Amelle et Amanda (Equipe 3)
Tout d’abord, nous tenons à vous remercier pour vos compliments sur notre article. Le commentaire que vous nous avez adressé est tout à fait pertinent. Cela nous a permis de réfléchir à des points auxquels nous n’avions pas pensé auparavant.
Comme vous l’avez bien souligné dans votre commentaire, les différents chroniqueurs détiennent des rôles afin que cela soit plus facile pour les téléspectateurs de distinguer les différents points de vue. Au-delà de l’aspect théâtrale de l’émission, il semble tout à fait judicieux d’aller plus loin et de comparer le programme à une véritable émission de télé-réalité. On pense à Erving Goffman qui parlait de la vie sociale comme une scène de théâtre donc on a, ici, une parfaite mise en scène des protagonistes du débat dans l’affirmation de leurs idées. Le plateau de télévision devient alors la scène sur laquelle les animateurs de TPMP évoluent au fil du débat. Ainsi, derrière leurs postes, les téléspectateurs ont aussi une responsabilité dans la formation de l’opinion publique puisqu’ils la font vivre.
Les aspects économiques et commerciaux de l’émission prennent le pas, à la fois, sur le fond et la forme de ce débat. En effet, Cyril Hanouna doit répondre à des obligations commerciales et communicationnelles. D’une part parce qu’il doit assurer les bonnes audiences de son émission et d’autre part il représente la parole du groupe Canal + qui a diffusé la cérémonie des Césars. Pour ce faire, et comme vous l’avez bien mentionné, il n’hésite pas à utiliser des procédés tendancieux pour y parvenir. Par exemple, Isabelle Morini Bosc se retrouve forcée de parler de son expérience à la suite de la diffusion d’un magnéto la concernant sur le plateau. Cyril Hanouna en tant que véritable chef d’orchestre de l’émission, qu’il présente et qu’il produit, utilise son témoignage afin de défendre la nomination de Roman Polanski aux Césars et donc les intérêts du groupe Canal + pour lequel il travaille. L’animateur va plus loin en détournant l’attention des chroniqueurs de la question centrale du débat tournant autour de la récompense de Polanski pour dévier vers le salaire de Florence Foresti. Encore une fois, elle devient le bouc émissaire d’Hanouna mais plus largement aussi du groupe Canal+ car elle a quitté la cérémonie prématurément en mettant dans l’embarras les Césars et le groupe détenu par Vivendi.
Grâce à ses « soldats » et la parole de Raymond Abou, le chef d’orchestre Cyril Hanouna arrive à indigner les téléspectateurs français en parlant d’un sujet qui concerne plus leur public populaire c’est à dire le salaire, contrairement à la polémique de Roman Polanski qui concerne surtout une partie de la population bourgeoise, en particulier, le monde du 7ème art.

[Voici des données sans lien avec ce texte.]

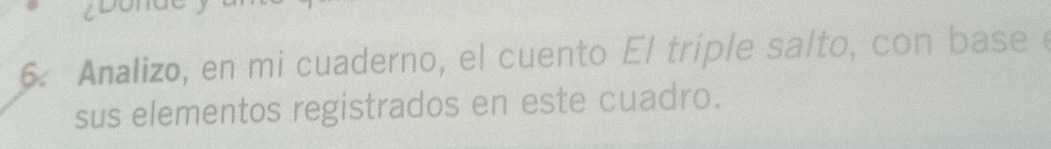 Analizo, en mi cuaderno, el cuento El triple salto, con base 
sus elementos registrados en este cuadro.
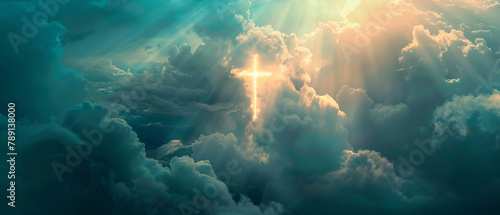 Resurrection Light Cross Shape In Clouds Risen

Il est donc intéressant de lier l’expérience vécue sur le plateau de Touche Pas À Mon Poste aux apports d’Habermas qui nous permettent de comprendre comment le lien entre logiques commerciales et l’espace public détruit l’intérêt général.
D’autant plus que l’acharnement sur Florence Foresti alimente le climat anti-féministe régnant déjà sur le plateau de TPMP depuis l’utilisation du témoignage de victime d’Isabelle Morini Bosc pour justifier la récompense de Roman Polanski par Cyril Hanouna. L’animateur est donc prêt à tout pour défendre les intérêts de l’émission et plus généralement les intérêts du groupe Canal+.